IL MOVIMENTO SI CONFIGURÒ COME IL MIGLIOR INTERPRETE DELLA CRISI DELLA BELLE ÉPOQUE
"Vogliamo che i nostri figliuoli seguano allegramente il loro capriccio, avversino brutalmente i vecchi e sbeffeggino tutto ciò che è consacrato dal tempo!". Non è esattamente un ragazzino Filippo Tommaso Marinetti quando nel 1909 redige il secondo proclama futurista, che due anni dopo uscirà col celebre, definitivo titolo ’Uccidiamo il chiaro di luna’. L’artista e ideologo del Futurismo ha 33 anni. E anche i suoi più giovani epigoni sono tutti dei primi anni 80 dell’Ottocento: quasi tutti più o meno trentenni. Il Futurismo è stato tuttavia la più precoce, esuberante, prolifica corrente artistica di avanguardia che ha sedotto e esaltato la gioventù del primo Novecento dall’Italia al resto d’Europa.

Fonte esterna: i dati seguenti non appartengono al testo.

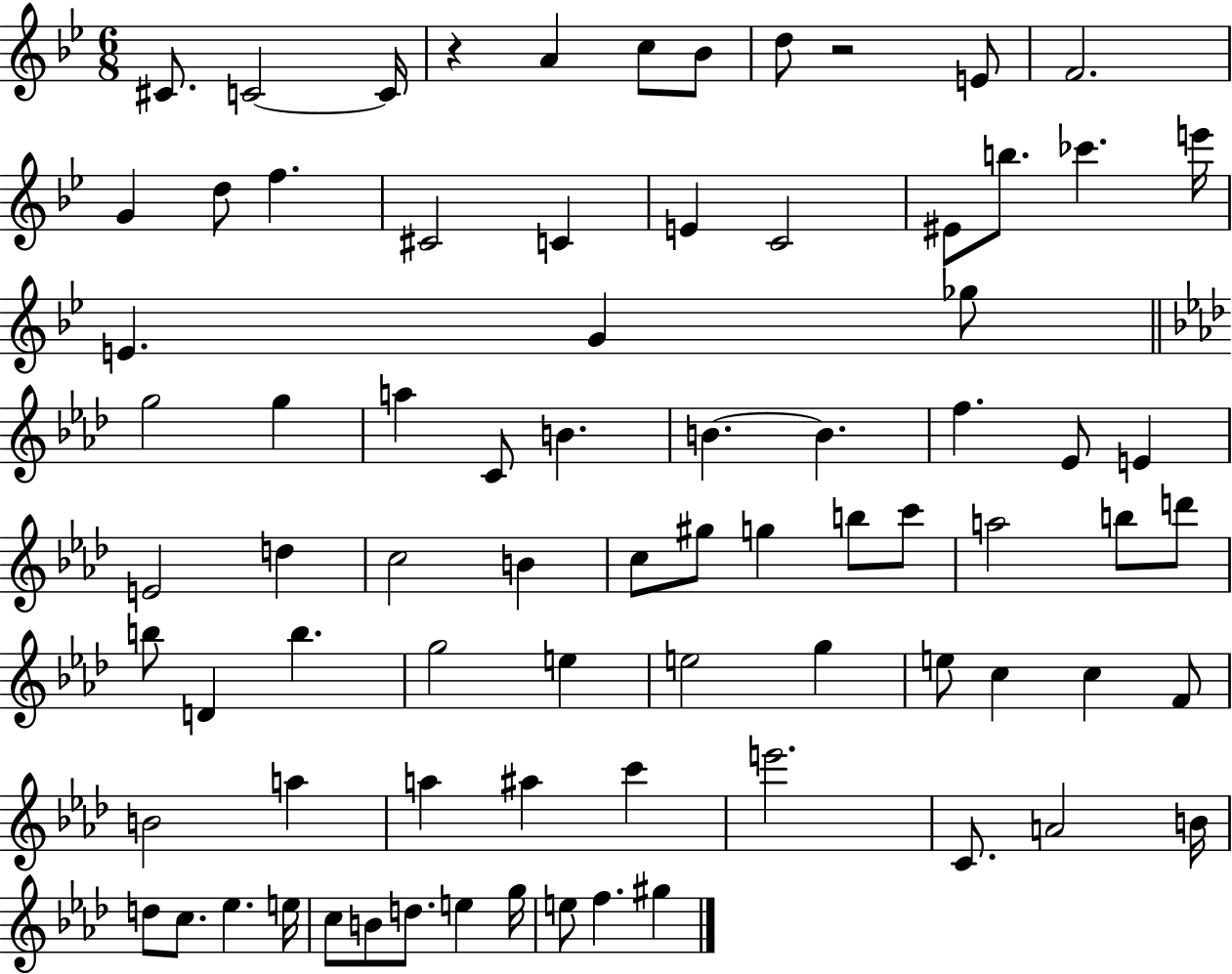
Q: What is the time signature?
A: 6/8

Non si tratta di un movimento prettamente giovanile e men che mai di un fenomeno di costume. L’inizio del XX secolo sono tempi in cui rimangono enormi i divari sociali e l’analfabetismo, nonostante l’innalzamento dell’obbligo alla quarta elementare e l’istituzione dei corsi di avviamento professionale attraverso cui si conseguiva la licenza elementare. Le correnti artistiche e culturali sono dunque prettamente elitarie. Ma l’influenza del Futurismo sulla gioventù del primo Novecento è tale che non lo si può omettere da una rassegna sui movimenti giovanili.
Il movimento futurista, con la sua indefessa produzione di manifesti ideologici e tecnici per tutte le arti, si configura infatti come il miglior interprete della crisi della Belle époque e dell’avvento della nuova società industrializzata. Il Futurismo si presenta infatti come corrente culturale di profonda rottura. Critica fino all’estremo nei riguardi dell’inerzia delle accademie, il sonnolento e abitudinario perbenismo della società borghese, l’insopportabile morbosità del sentimentalismo romantico e dello struggimento per il passato, l’arte futurista aderisce a un vitalismo totalizzante di ispirazione nietzschiana, è prepotente e chiassosa, ammira e esalta in caos delle metropoli industriali, inneggia all’innovazione e il progresso tecnico-scientifico, nutre il culto del dinamismo e la velocità, delle automobili e del volo. Difatti Antonio Gramsci riconosce che i futuristi "hanno avuto la concezione netta e chiara che l’epoca nostra, l’epoca della grande industria, della grande città operaia, della vita intensa e tumultuosa, doveva avere nuove forme, di arte, di filosofia, di costume, di linguaggio: hanno avuto questa concezione nettamente rivoluzionaria".